Não exsurgindo cristalina a hipótese de legítima defesa, fica impedida a absolvição sumária na fase da pronúncia.
Recurso provido. Réu pronunciado.” (JDFT-022692, RSE nº 19990210004998 (277293), 1ª Turma Criminal do TJDFT, Rel. Mário Machado. j. 16.07.2007, unânime, DJU 01.08.2007).

“PROCESSO PENAL - RECURSO EM SENTIDO ESTRITO - ARTIGO 121, CAPUT, DO CP. ABSOLVIÇÃO SUMÁRIA - LEGÍTIMA DEFESA. EXCLUDENTE QUE NÃO AFLORA DE FORMA INEQUÍVOCA. MAIS DE UMA VERSÃO ACERCA DOS FATOS. EXCLUSÃO DA QUALIFICADORA DE MOTIVO FÚTIL - IMPOSSIBILIDADE. RECURSOS NÃO PROVIDOS. UNÂNIME.
Se, da prova colhida no curso da instrução, a alegada legítima defesa não aflora de maneira clara e inequívoca, não se podendo afirmar que o agente estivesse a repelir injusta agressão atual ou iminente e que tenha usado moderadamente dos meios necessários para tanto, não se cogita de absolvição sumária. Na hipótese de haver duas ou mais versões acerca de como um dos acusados haveria entregado a arma ao outro, competente é o Tribunal do Júri para decidir qual lhe pareça mais verossímil. A qualificadora, no juízo da pronúncia, somente pode ser excluída se estiver manifestamente divorciada do contexto dos autos.” (TJDFT-021274, Recurso em Sentido Estrito nº 20020510081383 (242653), 2ª Turma Criminal do TJDFT, Rel.
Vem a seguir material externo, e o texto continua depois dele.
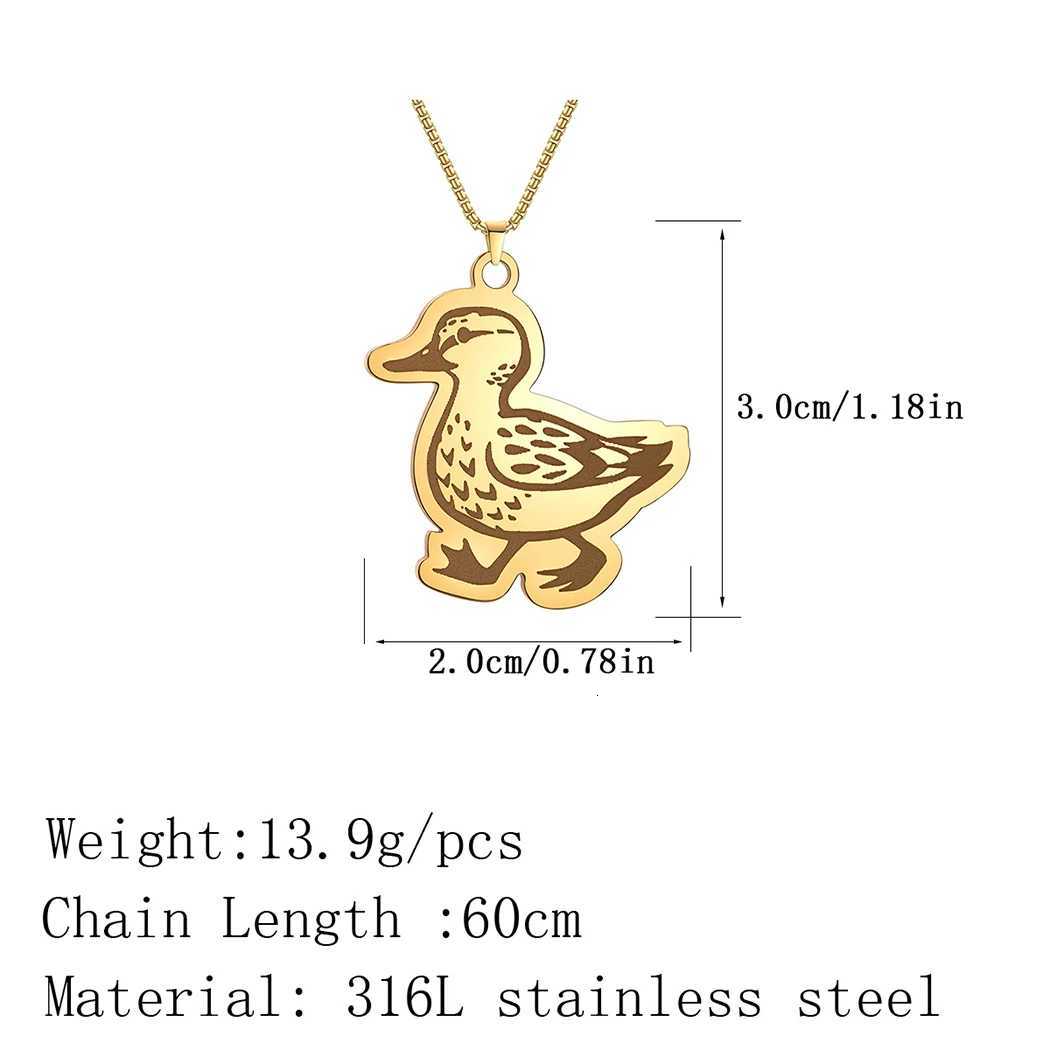 Kinitial Stainless Steel Necklaces Animal ly Duck Pendants Chains Choker Fashion Necklace For Women Jewelry Party Gifts M251211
Romão C. Oliveira. j. 12.01.2006, DJU 11.05.2006).


“PROCESSUAL PENAL. HOMICÍDIO. MATERIALIDADE E AUTORIA. SUFICIÊNCIA DA PROVA. EXCLUDENTE DO CRIME. INCERTEZA. PRINCÍPIO IN DUBIO PRO SOCIETATE. APLICAÇÃO. HIPÓTESE DE ABSOLVIÇÃO SUMÁRIA. INOCORRÊNCIA. DECISÃO DE PRONÚNCIA. CONFIRMAÇÃO. COMPETÊNCIA DO JÚRI. RECURSO. IMPROVIMENTO.
1. Demonstrada a materialidade do homicídio e inexistindo questionamento sobre a autoria, por força do princípio in dubio pro societate, não há lugar para se cogitar de absolvição sumária quando houver dúvida sobre a alegada legítima defesa, sendo imperioso, ao contrário, a confirmação da pronúncia, eis que, nesse juízo de admissibilidade da acusação, a existência de incertezas remete a discussão para o Júri Popular, juiz natural que é dos crimes dolosos contra a vida.
2. Recurso em sentido estrito improvido.” (TJAP-001909, Recurso em Sentido Estrito nº 476 (11119), Câmara Única do TJAP, Rel. Mário Gurtyev. j. 19.06.2007, unânime, DOE 09.07.2007).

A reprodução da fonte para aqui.